Lastly, arbitration decisions are legally enforceable (National Arbitration Forum, 2008). Arbitration has some disadvantages. In an arbitration2 decision, there is a win-loose, not a win-win concept (Burgess, Burgess, 1998). Arbitration suggests that the parties cannot resolve conflict and have to look to an outside source. In arbitration2, it is adversarial and there is no approach to finding interests of both sides, rejecting a collaboration effort (Burgess, Burgess, 1998).

Mediation is the process in which a neutral party assists in negotiation between parties to reach an agreement or resolve. Mediators3 bring both parties together helping them to discover the content issues instead of positions, and help develop ideas so that the interests of both parties are met (Burgess, Burgess, 1998). Unlike adjudication and arbitration, a mediator is not to render any decision, instead their role is to facilitate communication between the conflict parties (Wilmot, Hocker, 2007). Also, unlike adjudication and arbitration, mediation is a collaborative effort in conflict.

Initially communication is between the parties and the mediator, then as the process unfolds, the conflict parties are communicating with each other to reach an agreement (Wilmot, Hocker, 2007). Mediation is more effective when each party has equal power (Moore, 1996). This adds to the overall collaboration of the process. There is mutual involvement in the process of mediation. This allows for a shared effort in the resolution (Wilmot, Hocker, 2007). The outcome is positive for both sides and the desire to escalate the conflict is lessened.
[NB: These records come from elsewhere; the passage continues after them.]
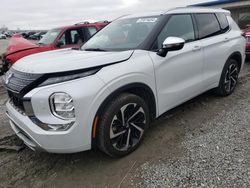 2022 Mitsubishi Outlander SEL for sale in Earlington, KY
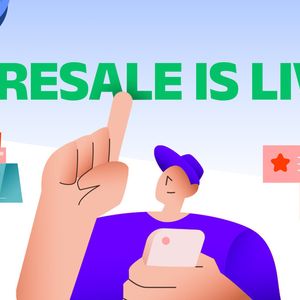 Caught the Polkadot Price Dip at $4.55? Find Out Why Web3Bay & Hedera Could Be the Best Cryptos to Buy for 2025!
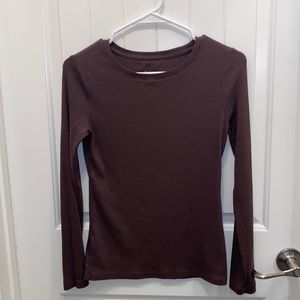 A New Day xs shirt bundle.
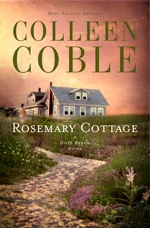 RosemaryCottage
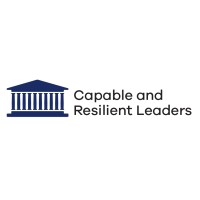 Capable and Resilient Leaders logo - Similar company to Talent Reach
The final agreements represent the ideas, collaboration and the solutions of the parties are likely to be creative and of a combined effort (Wilmot, Hocker, 2007). Mediation allows for both parties to find the underlying interests (Wilmot, Hocker, 2007). Mediation fosters an environment where parties can come together and examine topic, relational, identity and process issues that need to be resolved. Because the conflicting parties are allowed to have open communication, along with a neutral mediator, conflicting parties can be empowered by the collaboration of a mediation process.